Allgemeines
Wanderwege erfreuen eine Vielzahl von Menschen, junge wie alte. Wandern ist gesund und macht glücklich, denn es fördert nachweislich die Produktion des Glückshormons Endorphin.
Das Wort „Verkehrssicherungspflicht“ sorgt im Zusammenhang mit Wanderwegen aber immer noch bei einigen für Kopfschmerzen und ein übles Gefühl in der Magengegend. Vor allen Dingen Grundstückeigentümer sorgen sich oftmals darum, bei Unfällen in ihrem Wald oder auf ihren Wegen haftbar gemacht werden zu können. Diese nachvollziehbaren Sorgen können allerdings inzwischen durch eine angepasste Gesetzeslage zerstreut werden.
Wichtig für Themen rund um Wanderwege und Verkehrssicherungspflicht sind das Bundeswaldgesetz (BWaldG), das Bundesnaturschutzgesetz (BNatSchG), das Landesnaturschutzgesetz NRW, das Landesforstgesetz bzw. Landeswaldgesetz (LFoG) und das Landschaftsgesetz NRW (LG). Hinzu kommt ein wegweisendes Urteil des Bundesgerichtshofs (BGH) vom 2. Oktober 2012 (Az.: III ZR 352/13).
Duldung
Die Regelungen in Bezug auf Waldgebiete weichen nur in wenigen Punkten von denjenigen für die freie Landschaft ab. Das Betreten auch privater Waldgebiete ist grundsätzlich jedem zu Erholungszwecken gestattet. In der freien Landschaft ist das Betreten von privaten Wegen und Pfaden, von Wirtschaftswegen, Feldrainen, Böschungen und landschaftlich nicht genutzten Flächen ebenfalls grundsätzlich für Erholungssuchende gestattet. Eigentümer müssen das Betreten des Waldes und der freien Landschaft durch Wanderer also dulden. Dies gilt übrigens nur für Einzelpersonen und Kleingruppen, nicht für Großveranstaltungen, an denen mehrere Hundert Personen teilnehmen. Hierfür muss die Zustimmung der Eigentümer eingeholt werden.
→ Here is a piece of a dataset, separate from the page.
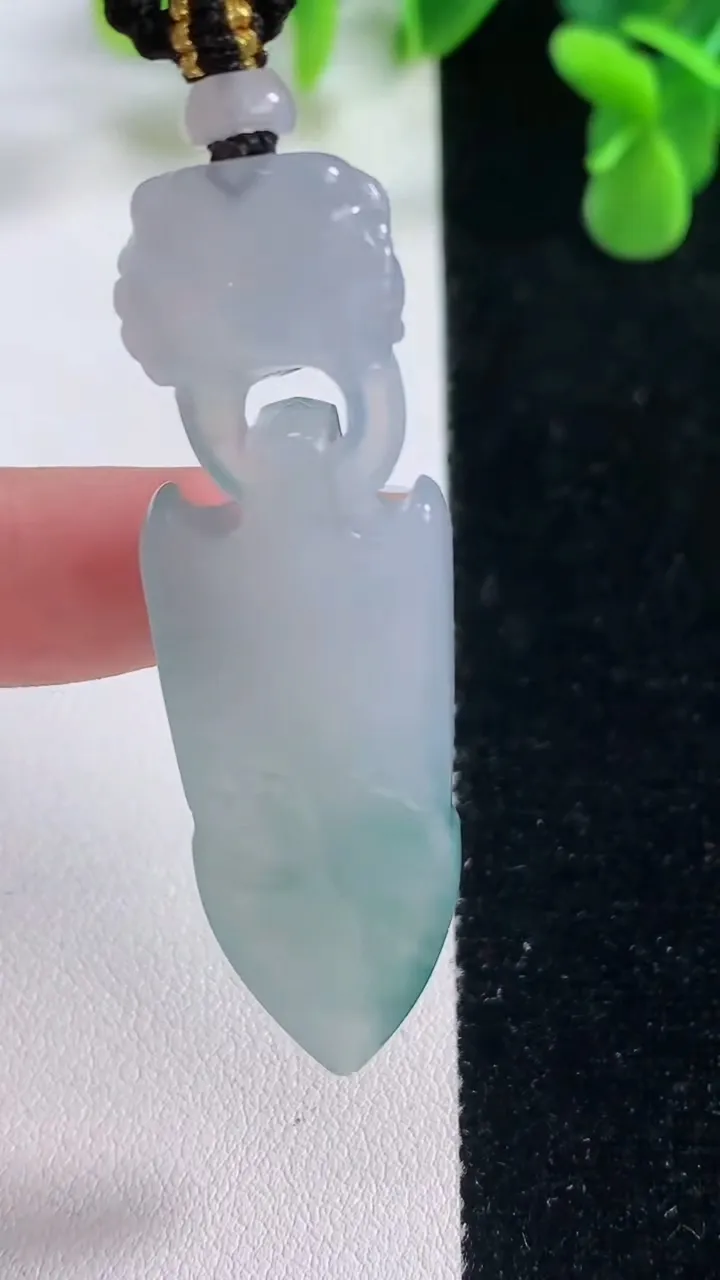 天然A货翡翠冰种飘花尚方宝剑吊坠，尺寸53-17.8-7.3，重量:14.44g
12月20日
Zudem muss auch die Kennzeichnung von Wanderwegen durch hierzu befugte Organisationen – und hierzu gehört der WHB – geduldet werden. Die verwendeten Markierungszeichen müssen eine bestimmte Größe einhalten, dürfen nur mit Farbe aufgebracht, geklebt oder mit Aluminiumnägeln befestigt werden und sie müssen einmalig vom Land genehmigt werden. Das weiße X und die weiße Raute, die der WHB vornehmlich benutzt, sind solche genehmigten Zeichen. Ihre Anbringung muss geduldet werden, solange keine baulichen Anlagen verunstaltet werden und durch die Anbringung keine Beschädigung hervorgerufen wird. Markierungszeichen gehören (zumindest ohne Absprache mit den Eigentümern) demnach weder auf Hauswände noch auf Gartenzäune, Verkehrsschilder o. ä.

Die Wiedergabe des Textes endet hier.